A tibble, data frame or magpie object, the latter of which requires the magclass package to be installed. The data-frame needs to have at least 3 columns:

  • a character column with iso3c (wikipedia) country codes,

  • a numeric column with years,

  • a numeric column named "value" with GDP values.

unit_in

A string with the incoming GDP unit, one of:

  • "current LCU"

  • "current Int$PPP"

  • "current US$MER"

  • "constant YYYY LCU"

  • "constant YYYY Int$PPP"

  • "constant YYYY US$MER"

where YYYY should be replaced with a year e.g. "2010" or "2017".

unit_out

A string with the outgoing GDP unit, one of:

  • "current LCU"

  • "current Int$PPP"

  • "current US$MER"

  • "constant YYYY LCU"

  • "constant YYYY Int$PPP"

  • "constant YYYY US$MER"

where YYYY should be replaced with a year e.g. "2010" or "2017".

source

A string referring to a package internal data frame containing the conversion factors, or a data-frame that exists in the calling environment. Use print_source_info() to learn about the available sources.

with_regions

NULL or a data-frame. The data-frame should be "country to region mapping": one column named "iso3c" with iso3c country codes, and one column named "region" with region codes to which the countries belong.
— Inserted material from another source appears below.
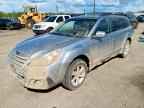 2013 SUBARU Outback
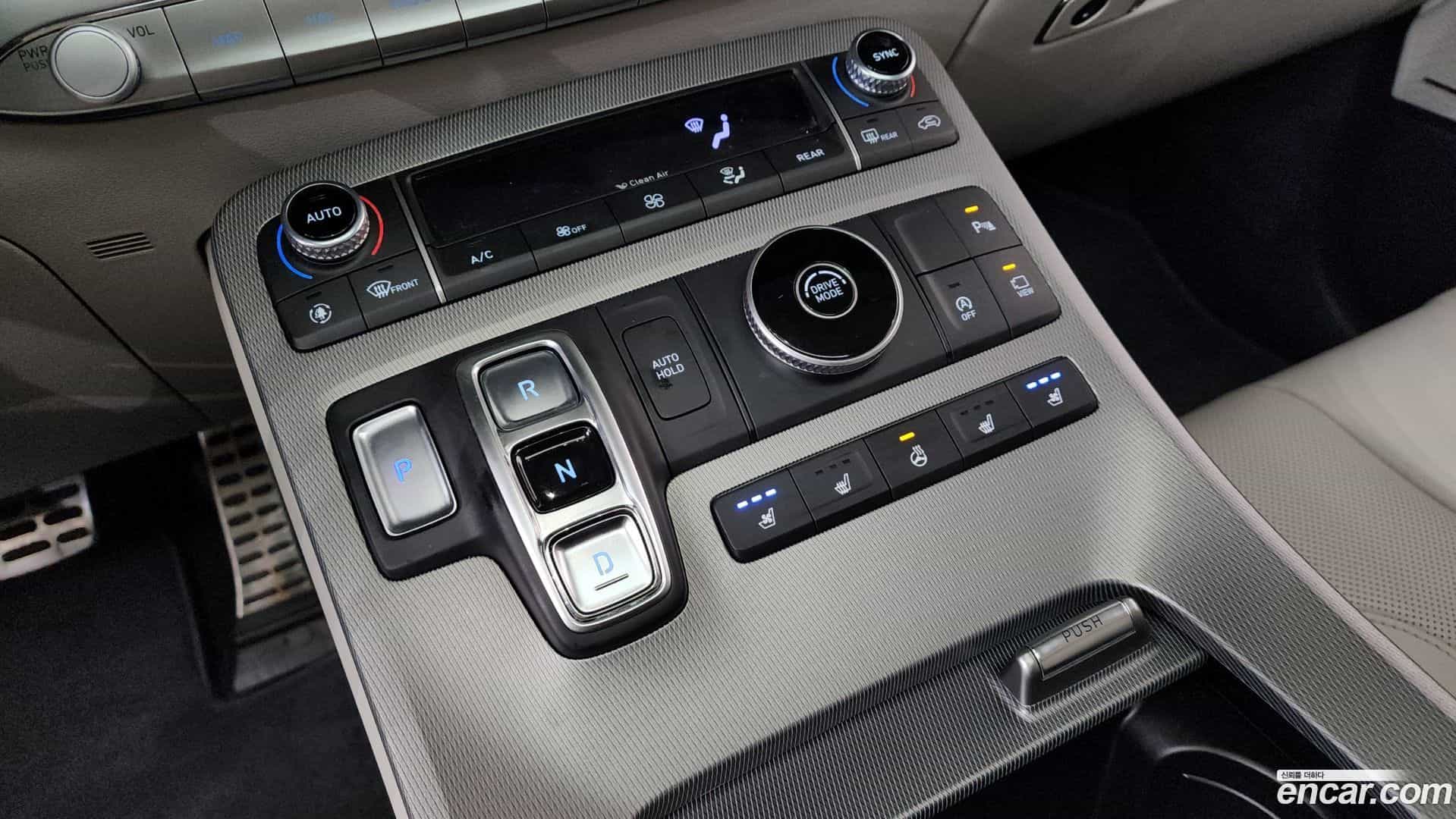 Palisade Hyundai 2021.7-INNER-9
Any regions in the gdp object will then be disaggregated according to the region mapping and weighed by the GDP share of countries in that region in the year of the unit, converted on a country level, and re-aggregated before being returned.

replace_NAs

NULL by default, meaning no NA replacement. Can be set to one of the following:

  • 0: resulting NAs are simply replaced with 0.
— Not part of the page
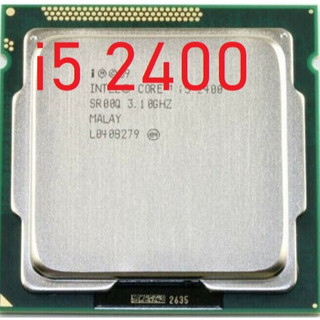 cpu PC i5 3470 / i5 3570 / i5 2400 / i5 2300 / i5 3330... socket 1155 .......tặng keo tản nhiệt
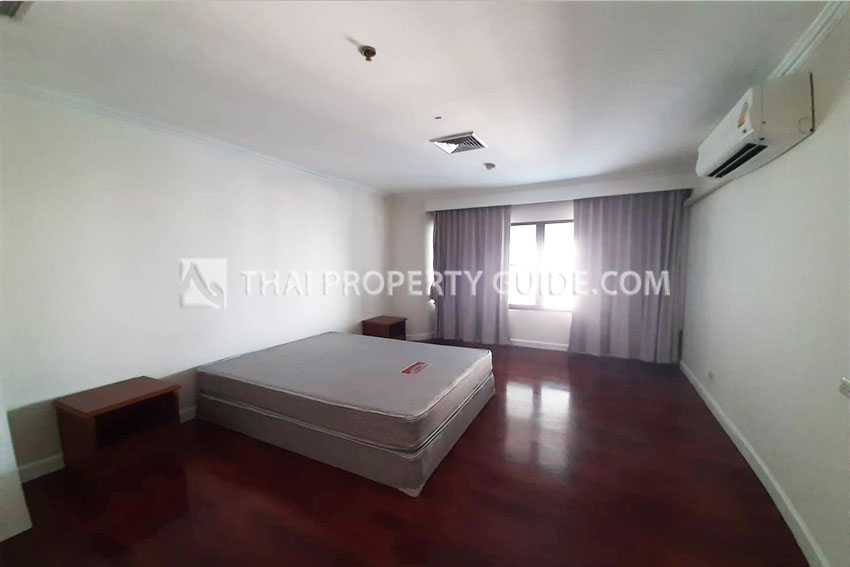 Condominium in Sukhumvit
  • NA: resulting NAs are explicitly kept as NA.

  • "no_conversion": resulting NAs are simply replaced with the values from the gdp argument.

  • "linear": missing conversion factors in the source object are inter- and extrapolated linearly. For the extrapolation, the closest 5 data points are used.

  • "regional_average": missing conversion factors in the source object are replaced with the regional average of the region to which the country belongs. This requires a region-mapping to be passed to the function, see the with_regions argument.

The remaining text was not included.